Silvia Marsó interpreta convincentemente a C., demostrando una enorme plasticidad en sus gestos y en su dicción. Como mujer de edad avanzada, conmueve en su doliente soledad. Como mujer de mediana edad, despierta ternura y simpatía. El papel no es sencillo, pues exige transitar de la alegría al desengaño, de la resignación a la ebriedad de un romance inesperado, de la vejez a una madurez con destellos de juventud. Marsó se desenvuelve bien en todos los registros, hipnotizando al espectador, que comparte sus altibajos sin poder desviar la mirada de sus movimientos. Su ilusión de mujer enamorada se desploma ante un enemigo invencible: la ludopatía. El joven polaco, brillantemente interpretado por Felipe Ansola, no es un muchacho de mal corazón, pero su pasión por el juego anula su voluntad, convirtiéndole en el monigote de una cruel adicción. Germán Torres en el papel del destino da paso a los distintos giros de la trama, introduciendo una nota de farsa que, lejos de desentonar, acentúa la impotencia de los personajes ante fuerzas incontrolables, como el amor, el erotismo, los prejuicios y el azar. Torres recuerda al coro de la tragedia griega, comentando los distintos incidentes de la trama. No hay piedad ni desdén. Solo esa perspectiva levemente burlesca del que contempla los hechos desde arriba. Al igual que sus compañeros de reparto, hace un gran trabajo. La dirección de Ignacio García funciona en todo momento con la precisión de una batuta magistral, concertando música, luz y palabra. Me sorprendió el trabajo físico de los actores, que se mueven por el escenario con intensidad, gracia y dramatismo. Todos cantan bien, sin descuidar la interpretación. La música original del ruso Sergei Dreznin y la dramaturgia de los autores franceses Christine Khandjian y Stéphane Ly Cuong completan el milagro de una pequeña pieza de cámara que discurre entre la Costa Azul, el Casino de Montecarlo, la Riviera francesa y la Viena de entreguerras.
Dos momentos de la representación me conmovieron especialmente.
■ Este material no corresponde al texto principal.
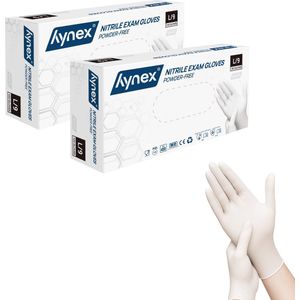 Hynex Nitril Wegwerphandschoenen – Maat L – Wit – Set van 2 x 100 Stuks (200 stuks) – 3,5 Gram – Poedervrij & Latexvrij – Voor Zorg, Horeca & Schoonmaak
El parlamento de Silvia Marsó sobre las manos de los jugadores del Casino de Montecarlo y la solemne promesa de los amantes en una iglesia católica. Manos claras, nerviosas, trémulas, impacientes, blandas, flojas, dominantes, sumisas, tímidas o insolentes. Manos donde se manifiestan los secretos y los deseos, los anhelos y los miedos. Las manos del joven polaco parecen dos caballos salvajes: bellas e indomables. Marsó demuestra su gran talento dramático en esta escena, que combina belleza y drama, ligereza y gravedad, alegría y fatalismo. La escena de la iglesia no es menos fascinante. Los amantes se arrodillan, vaciando sus conciencias ante una imagen de la Virgen. No se confiesan: imploran, prometen, sueñan. Unidos por una noche de pasión y embriaguez, fantasean con un futuro diferente. C. comprende que las horas pasadas en compañía de su amante le han enseñado más que en cuarenta años de vida burguesa. Se ha redescubierto como mujer enamorada. No está muerta por dentro, sino dispuesta a renunciar a todo (fortuna, honor, reputación) por seguir a su amante. Incluso, pediría limosna, si no hubiera otro camino para conservar ese amor. Nada saldrá como espera. El desencanto y la tragedia se darán la mano, poniendo fin a su sueño. Solo el tiempo calmará sus heridas: “La vejez no significa nada más que dejar de sufrir por el pasado”.
Veinticuatro horas en la vida de una mujer es una pequeña joya que propicia toda clase de recorridos. Adaptado como musical, adquiere aún más fuerza, evidenciando el profundo lirismo que empuja sus páginas. Después de salir del teatro y pasear por un Madrid oscuro y lluvioso, experimenté la sensación de que me toparía con Zweig en cualquier portal o marquesina, sonriente y tranquilo. No me costaba trabajo imaginarlo caminando del brazo de Silvia Marsó, feliz de comprobar que sus palabras seguían circulando por un mundo libre y diverso. La civilización es frágil y precaria, pero siempre tendrá de su lado a los literatos y artistas, recordándonos que la belleza no es un lujo o un adorno, sino el umbral de la esperanza.